Der „optimale Saisonstart" mit drei Siegen in drei Pflichtspielen und dem beeindruckenden Torverhältnis von 21:2 zeigt, dass man auch unter Neo-Coach Adi Hütter am richtigen Weg ist. „Wir brauchen keine Änderungen und sollten unserer Linie treu bleiben. Und uns dabei immer weiter verbessern", erläutert Kampl.

Chemie passt auch mit Hütter

Für den slowenischen Teamspieler aus dem deutschen Solingen waren auch bei der Vertragsverlängerung bis 2019 nicht nur sportliche Fragen von Belang. Abgesehen von der konzerninternen Perspektive Leipzig („Sicherlich habe ich noch fernere Ziele im Kopf") ist es nicht zuletzt die atmosphärische Komponente, die Kampl zum Bleiben bewogen hat. „Ich fühle mich hier pudelwohl", bestätigt der ehemalige Leverkusener.

Dazu gehöre nicht zuletzt das Verhältnis zum Trainer. „Ich hatte zu Roger (Schmidt) eine besondere Beziehung", erklärt Kampl, lobt aber auch dessen Nachfolger Adi Hütter. „Er weiß, wie er mit den Spielern umzugehen hat und führt die Arbeit sehr gut fort." Generell gelte: „Es ist mir schon wichtig, dass die Chemie passt, aber um drei Uhr nachts bemuttert werden muss ich nicht."
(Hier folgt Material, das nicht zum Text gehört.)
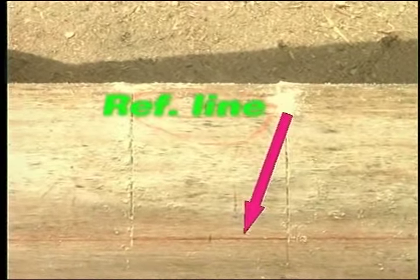For example, a 2x10 rafter uses a 2x8 eave block. Use an ink line to mark the ends of the rafters, then use an electric saw to make the plumb cut. Nail the eave board to this.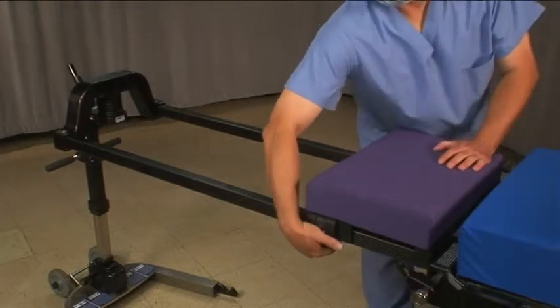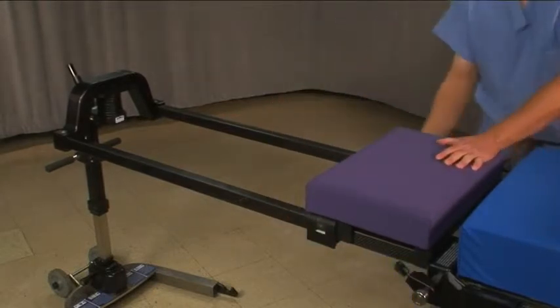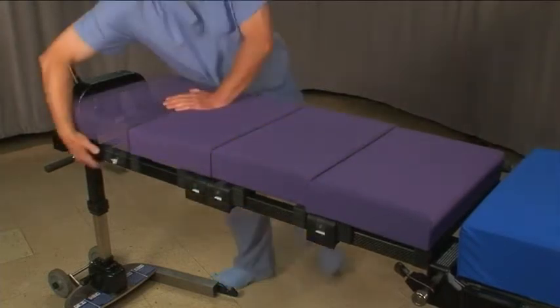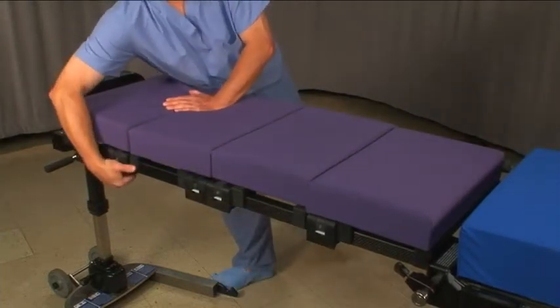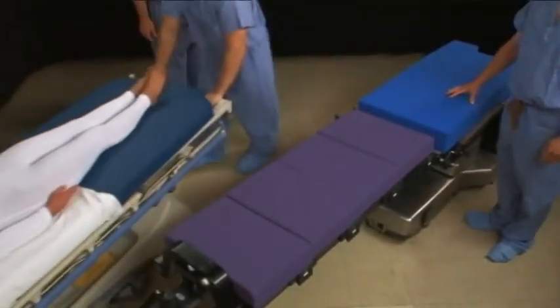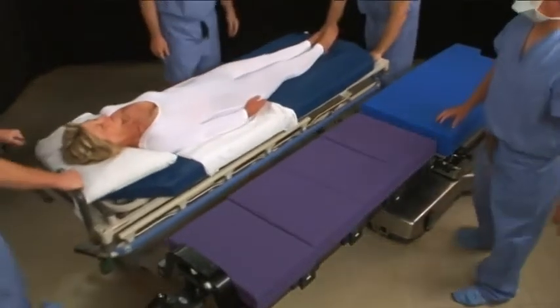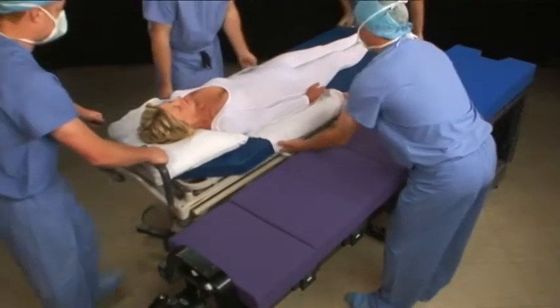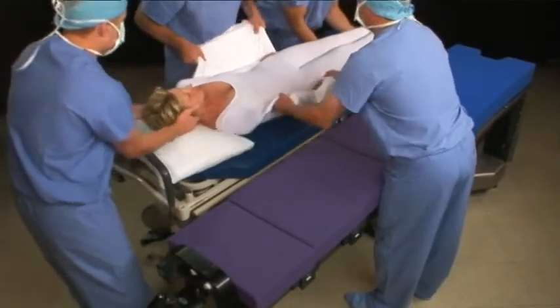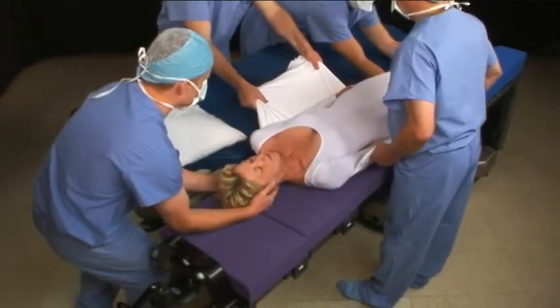The recommended products for supine procedures include 4 supine tops to cover the length of the frame. Arm boards can be used if desired. Adjust the frame and stretcher heights as we did for prone positioning. Bring the stretcher flush against the frame. Lock the stretcher. A sheet draw can be used to transfer a supine patient from the stretcher to the frame.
In seiner „Wohlfühlzone" gestört fühlt sich Kampl nach den Sommerverpflichtungen von Marcel Sabitzer, Massimo Bruno und Naby Keita auch durch den gesteigerten Konkurrenzkampf im offensiven Mittelfeld nicht. „Für mich ist das gar kein Problem. Ich finde es gut, dass wir uns verstärken, wir brauchen Leute, die nachrücken", freut er sich über die neuen Mitspieler.

Wohin sein Weg ihn in Zukunft auch führen mag, in Erinnerung wird Kampl dem Salzburger Anhang nicht zuletzt aus optischen Gründen bleiben. Sein Faible für ausgefallene Frisuren ist inzwischen legendär, zwischendurch lässt er auch die Muskeln spielen. Wenn er sich mit nacktem Oberkörper in die „Balotelli-Pose" wirft, steckt aber auch eine gehörige Portion Selbstironie dahinter: „Ich bin keine Kante, eher der Spargeltarzan."